_ABOUT THIS EXERCISE:_
Everything from the line that holds "ул. Суворова 1" through the end of the listing below must be retyped word for word, without any pictures.

_RECORDS PROVIDED:_
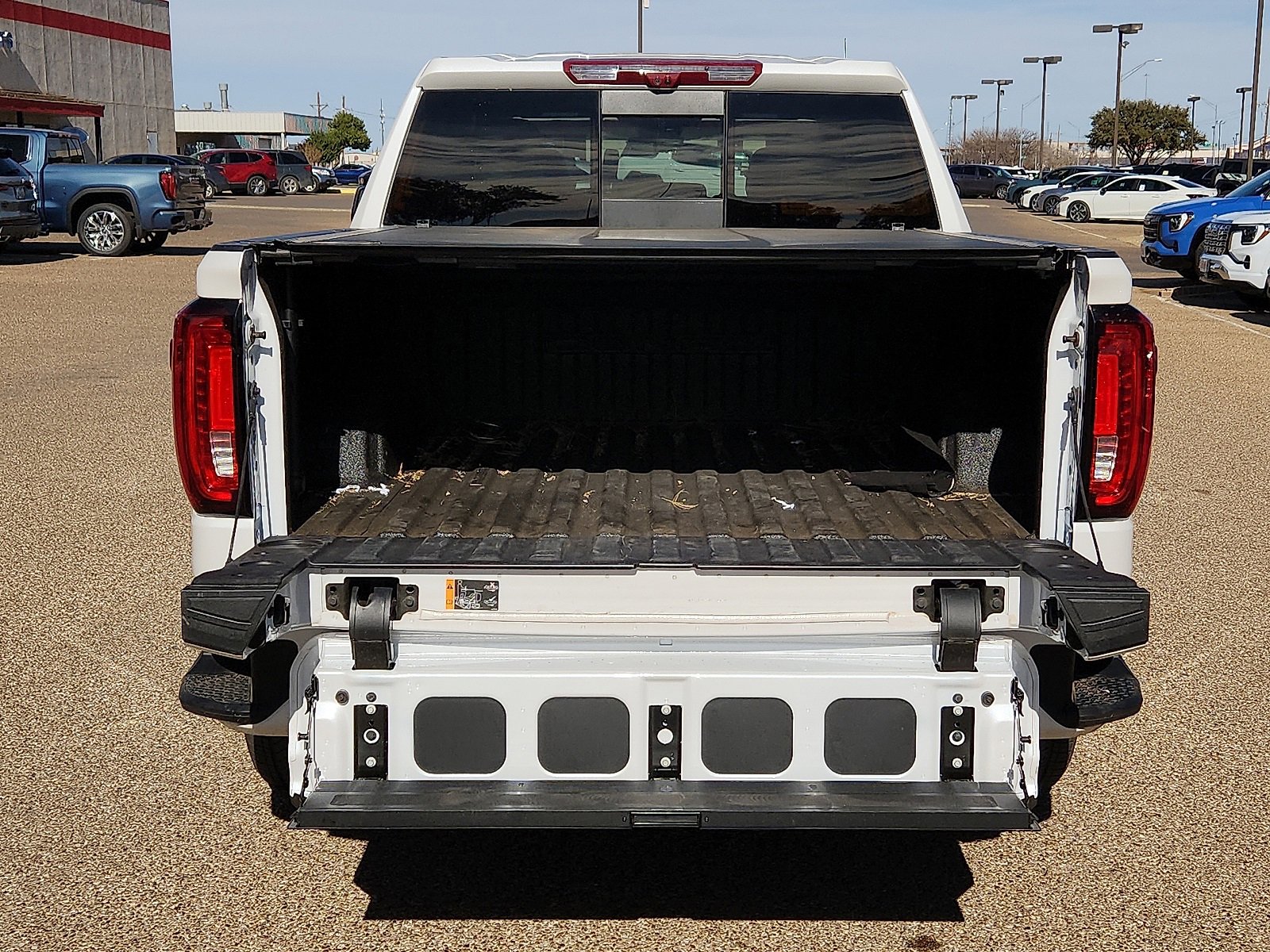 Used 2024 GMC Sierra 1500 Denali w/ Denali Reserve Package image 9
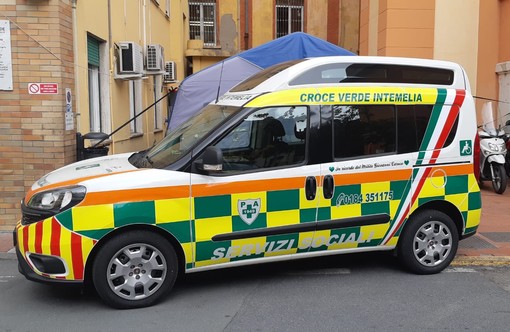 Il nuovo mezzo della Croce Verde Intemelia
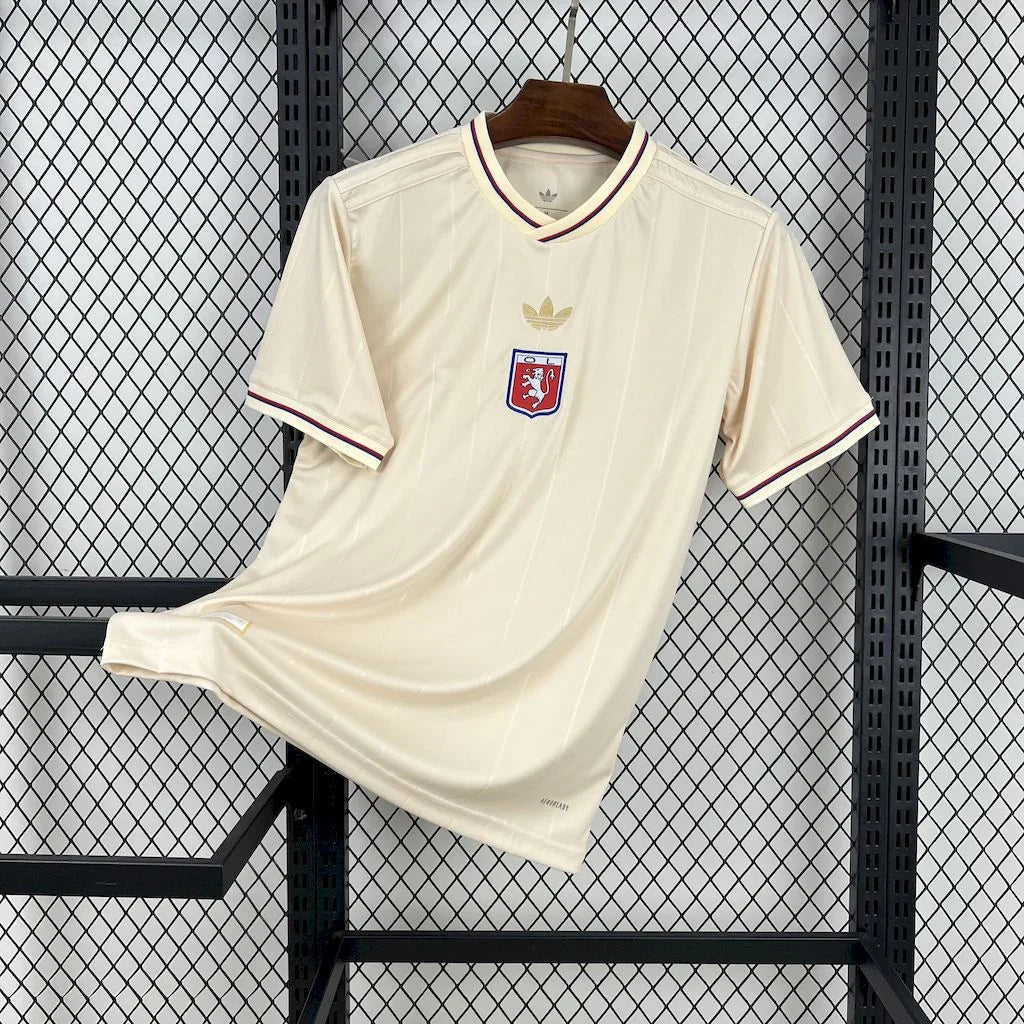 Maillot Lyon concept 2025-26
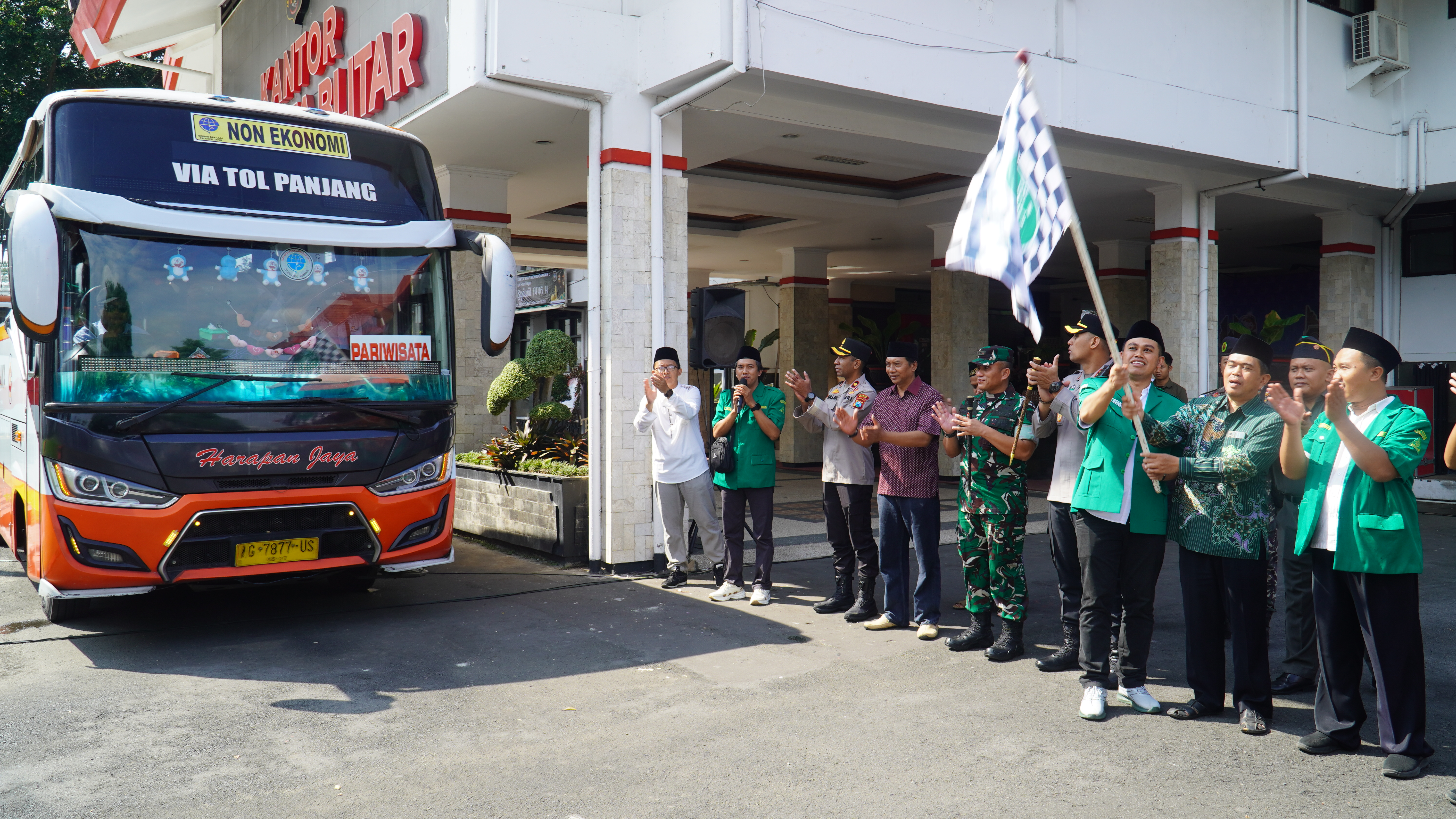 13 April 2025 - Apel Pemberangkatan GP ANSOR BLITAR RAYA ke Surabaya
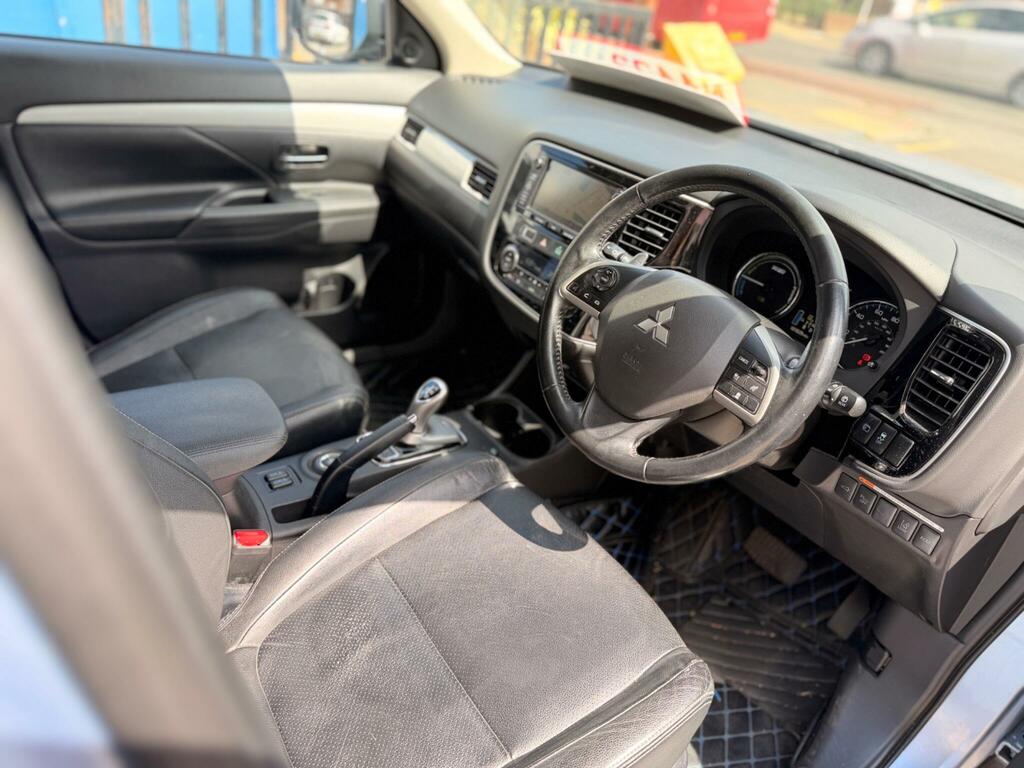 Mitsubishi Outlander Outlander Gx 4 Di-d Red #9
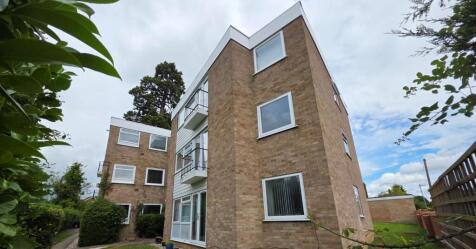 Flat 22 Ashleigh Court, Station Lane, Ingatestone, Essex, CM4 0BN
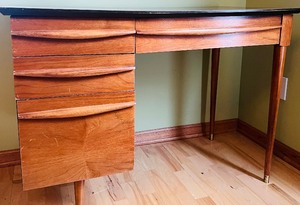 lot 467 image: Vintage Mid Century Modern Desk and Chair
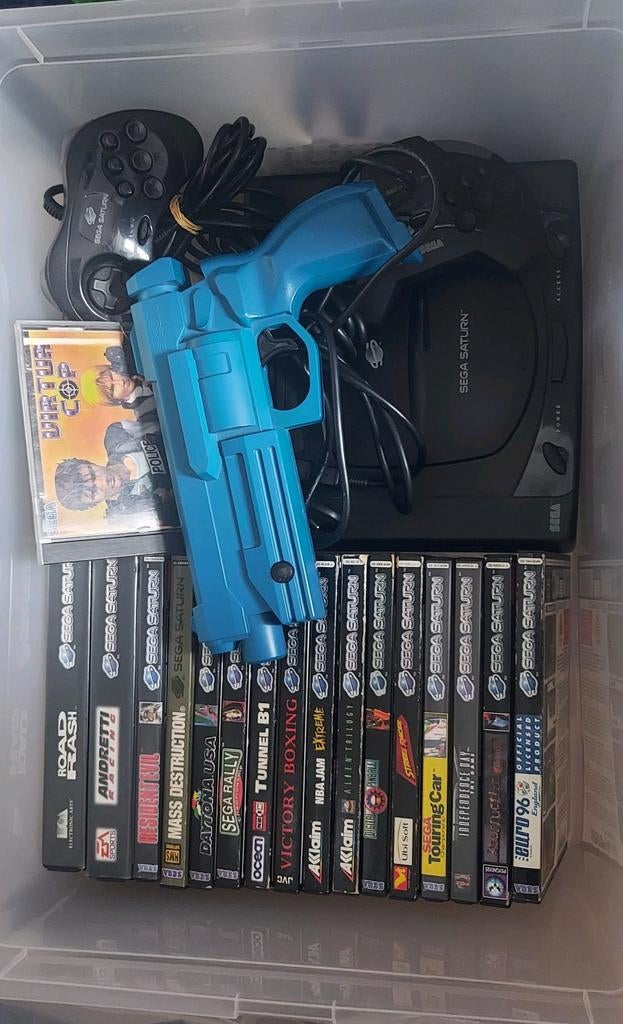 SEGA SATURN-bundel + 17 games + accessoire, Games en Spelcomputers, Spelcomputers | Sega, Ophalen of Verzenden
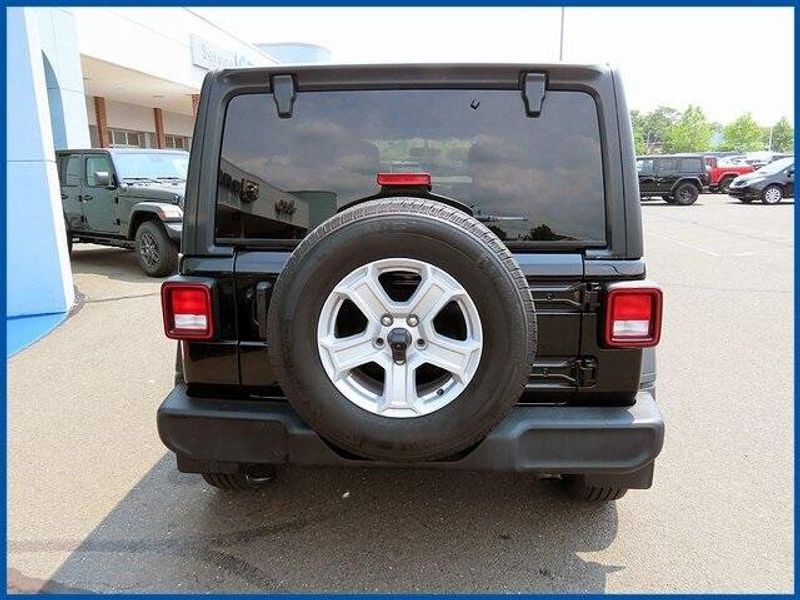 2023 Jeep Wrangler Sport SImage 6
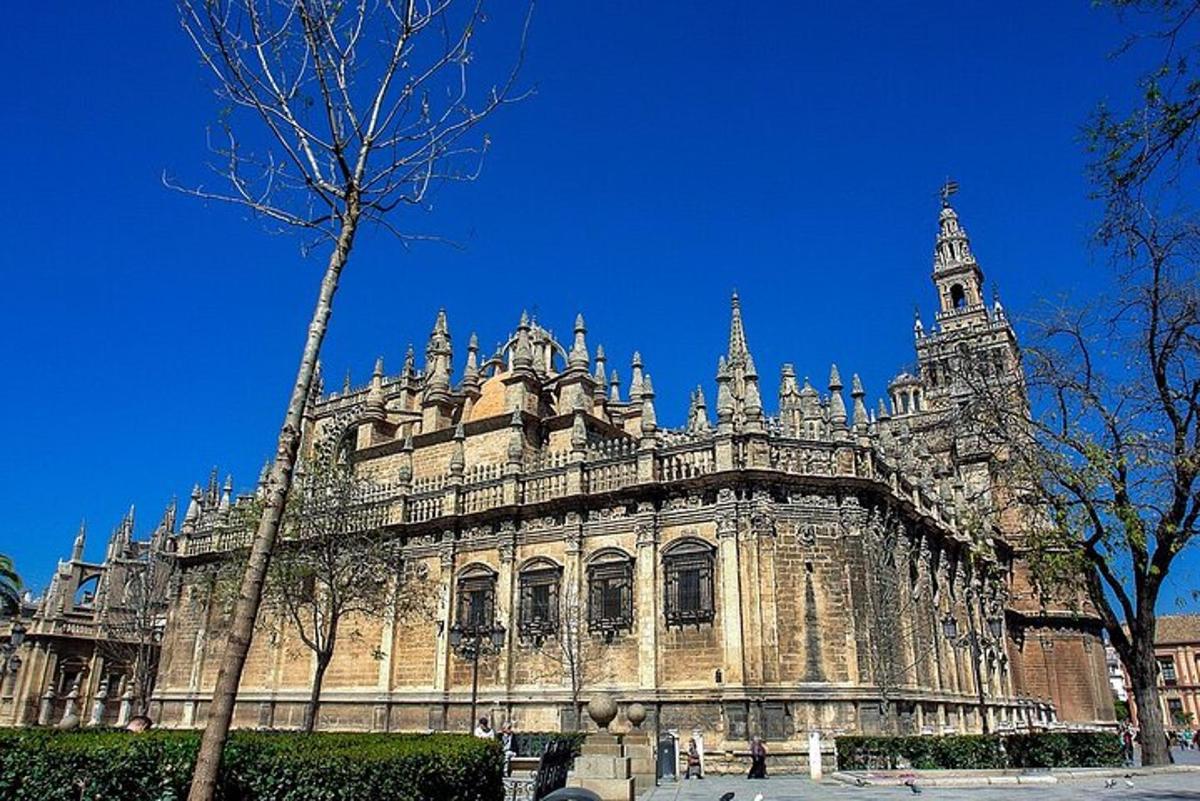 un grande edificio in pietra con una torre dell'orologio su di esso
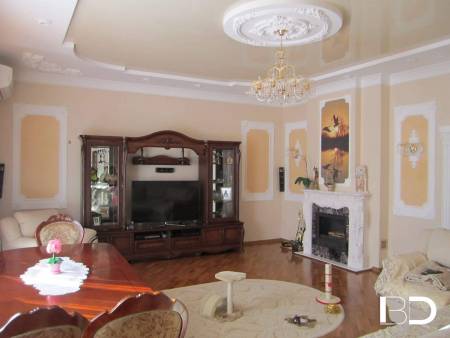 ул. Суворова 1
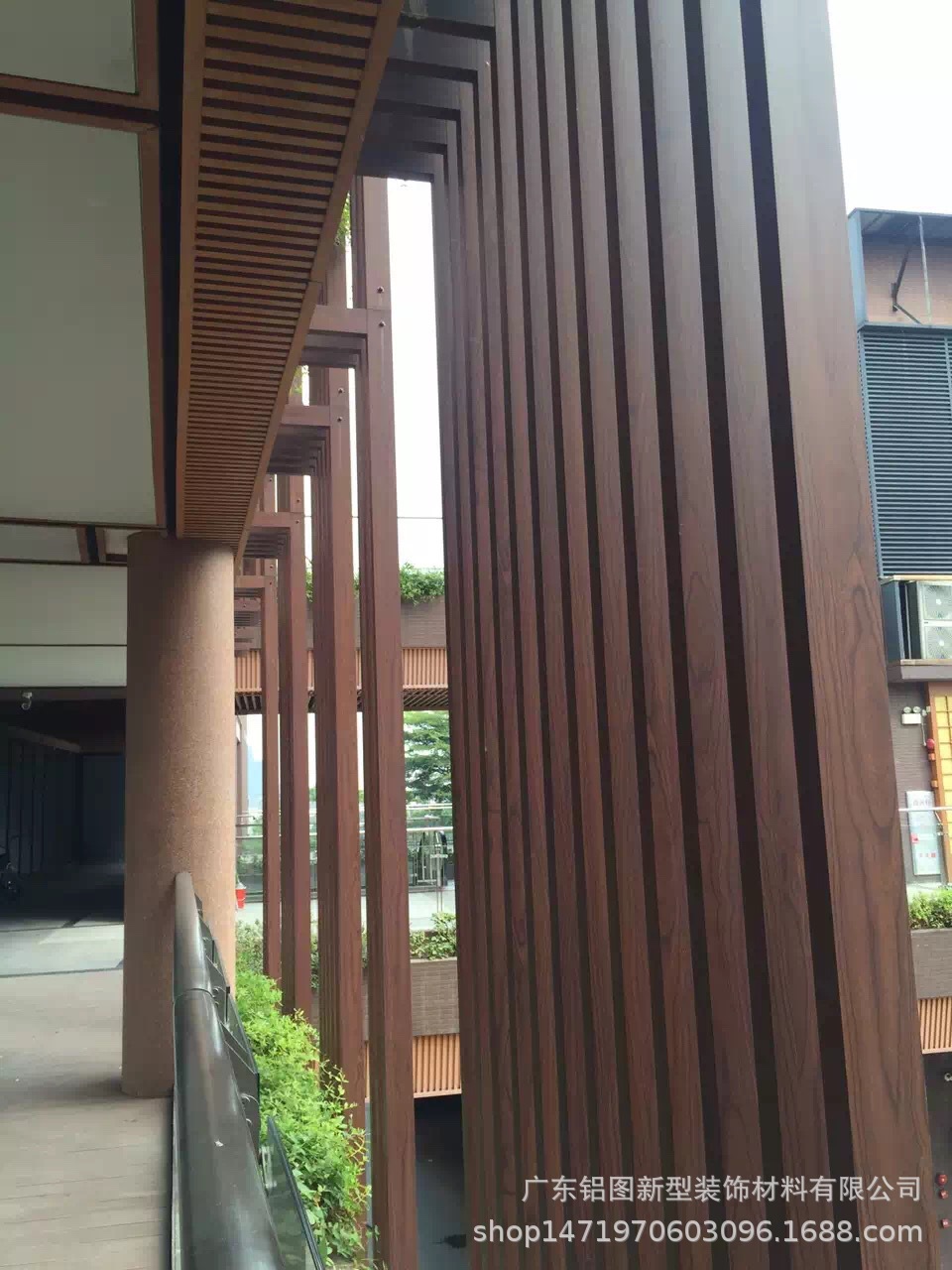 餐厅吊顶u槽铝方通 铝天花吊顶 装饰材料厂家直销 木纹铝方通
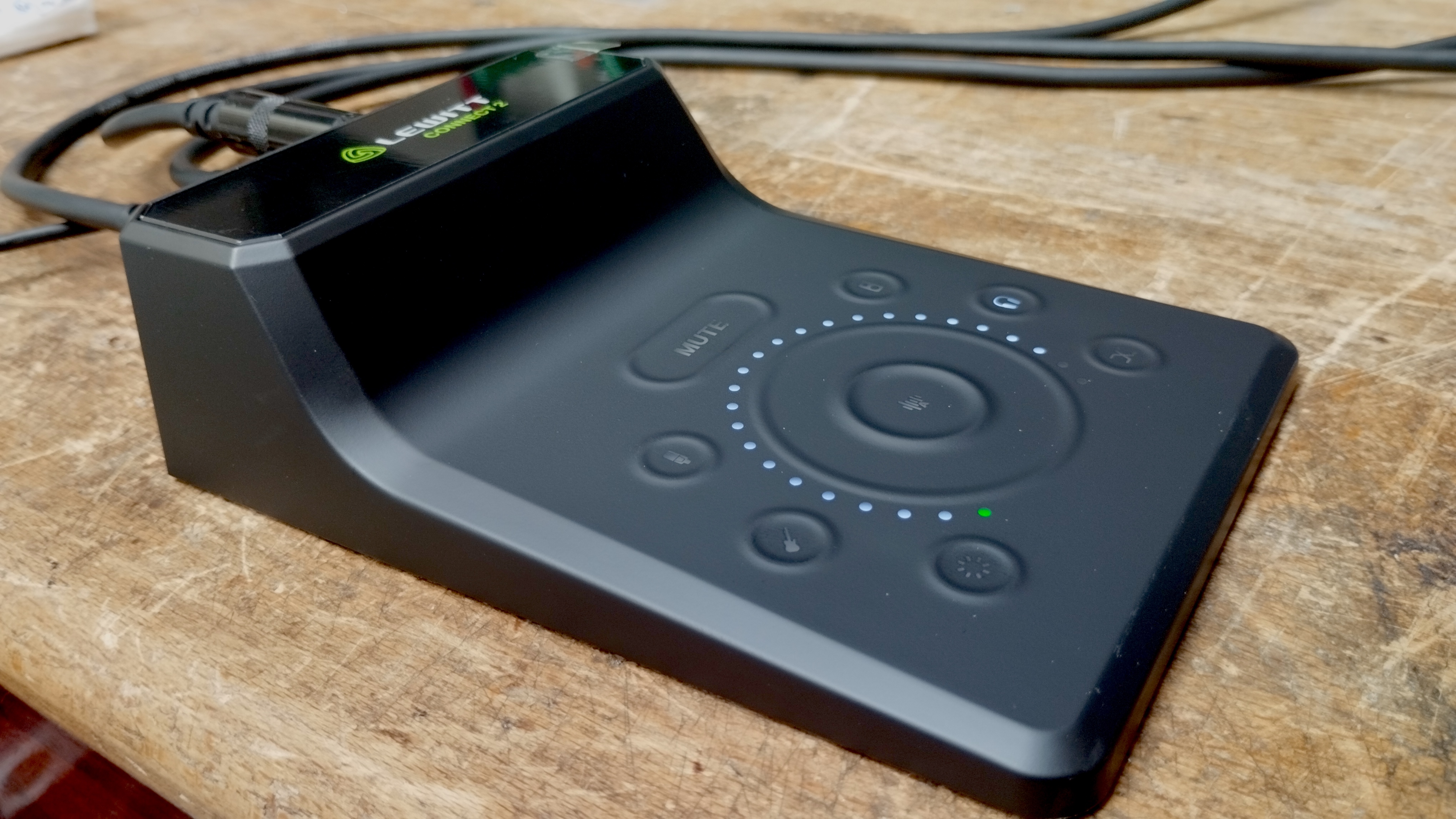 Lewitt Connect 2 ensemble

_ANSWER TO THIS TASK:_
 ул. Суворова 1
 餐厅吊顶u槽铝方通 铝天花吊顶 装饰材料厂家直销 木纹铝方通
 Lewitt Connect 2 ensemble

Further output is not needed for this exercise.